Salman, who displaced his older cousin Prince Mohammed bin Nayef as crown prince in June, is on a quest to show the world that Saudi Arabia is not a backward nation hamstrung by a backward beliefs.
Salman — who also runs the kingdom’s defense and oil strategies — has spearheaded real change, limiting the powers of the kingdom’s religious police, who once were able to walk the streets and impose gender segregation and ensure women were covered from head-to-toe in public.
The changes have been sweeping and unthinkable just a few years ago — young people mix on streets and cafes where music is played and a few women uncover their hair and wear colorful robes.
The crown prince has also lifted a ban on women driving, approved concerts and is expected to reopen movie theaters that have been closed for decades.
Salman’s big plans come with big risks, however, said Rogan, the author of “The Arabs: A History.”
“Don’t forget, you can pronounce that you are going to make big investments, jobs and Saudization, biggest-ever flotations and IPOs and all the stuff that has been promised,” he said. “If you don’t make it happen, or if you launch things that appear ill-judged or don’t deliver, you are raising expectations and, boy, dashed hopes are a big machine for revolutions.”
Nada Mohammad is one of those whose expectations have risen under Salman. The 23-year-old copywriter praised the young prince driving the social and economic reforms, saying the changes were long overdue.
“People are worried about the consequences,” she said on a recent evening as she sat with her sister Mada in Riyadh’s Food Truck Square — one of a number of Western-style eateries that have sprung up in the capital. “The majority of the people are with him, but our culture is conservative.”
Salman’s gamble is that the opinions of the young people he’s courting with social and economic changes outweigh the concerns of religious conservatives who have long supported the ruling Al Saud family.
But state-sanctioned conservatives have seen their power weaken.
“When you want to make changes, especially political and constitutional, you always face resistance. So you want to take it step by step,” said Khalid Al-Dakhil, a Saudi author, historian and columnist for pan-Arab newspaper, Al-Hayat.
In September, some 30 clerics, intellectuals and activists were locked up. This “crackdown on dissent,” as it was described by human rights defenders, was followed by this weekend’s detentions.

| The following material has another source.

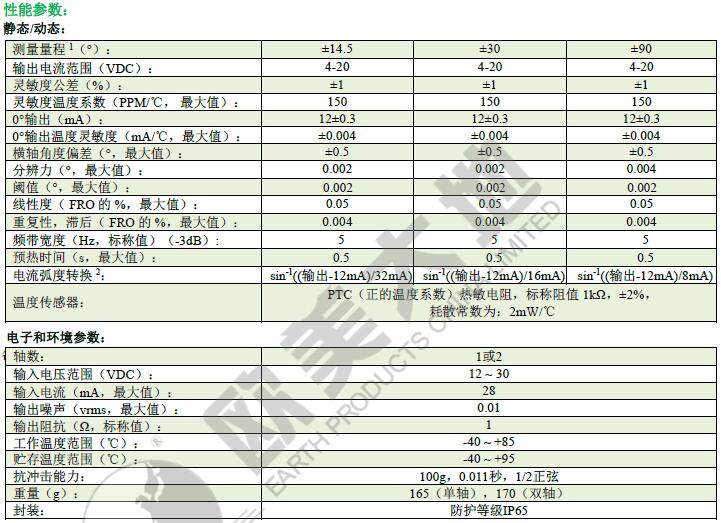 電解液傾角傳感器,雙軸傾角傳感器,固定測斜儀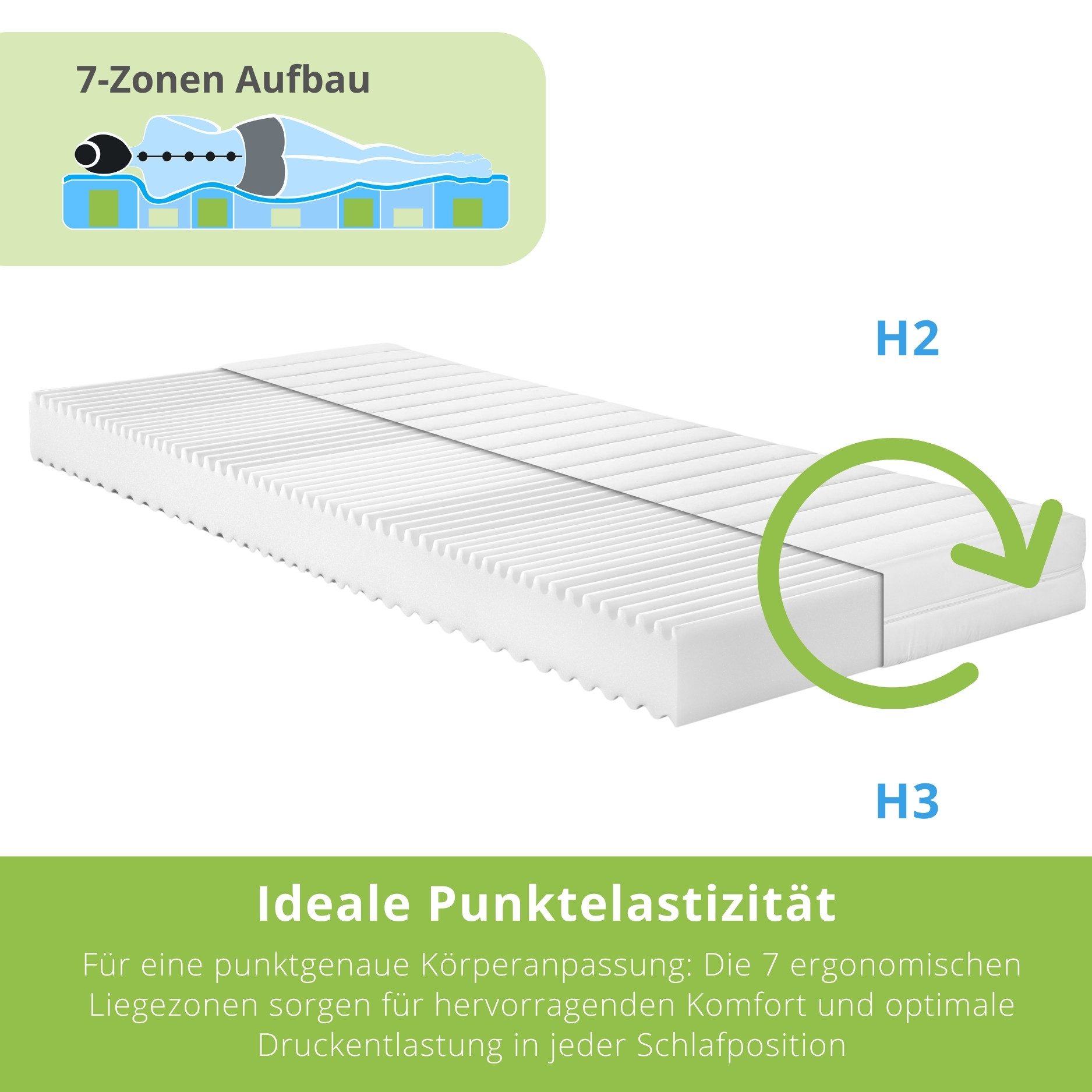 Kaltschaummatratze Balance Duo, 90x200 cm, 140x200 cm und weitere Größen, Bodyprotect, 15 cm hoch, 7-Liegezonen, Wendematratze mit Duo-Härtegrad – Bild 3 von 5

Many of the princes taken into custody by the Salman-led anticorruption body are reportedly are being held in Riyadh’s luxury Ritz-Carlton hotel.
Among those detained was Prince Alwaleed bin Talal, one of the Middle East’s richest people, with investments in Twitter, Apple, Citigroup, and the Four Seasons, Fairmont and Movenpick hotel chains.
Kristian Coates Ulrichsen, a research fellow at the James A. Baker III Institute for Public Policy at Rice University, suggested the arrests were designed to further smooth Salman’s eventual succession to the throne.
“As a leader who is set to remain in power for decades, Mohammed bin Salman is remaking the kingdom in his own image and signaling a potentially significant move away from the consensual balancing of competing interests that characterized Saudi rule in the past,” Ulrichsen said.
Within the country, rights defenders charge that the state is above the law and that dozens of activists are serving long prison sentences for advocating change. Women and minorities are “systematically” discriminated against, according to Human Rights Watch.
As Salman woos the world, he is also having to explain Saudi Arabia’s continued support for the two-and-a-half-year involvement in the war in neighboring Yemen — a conflict that has created what the U.N. calls the worst humanitarian crisis in the world.
But Al-Dakhil, the author and historian, said Salman the reformer was clearly different from those who preceded him.
“Mohammed Bin Salman is a new leader with new vision and new outlook,” Al-Dakhil added. “The question is, how far is he willing to go on this path?”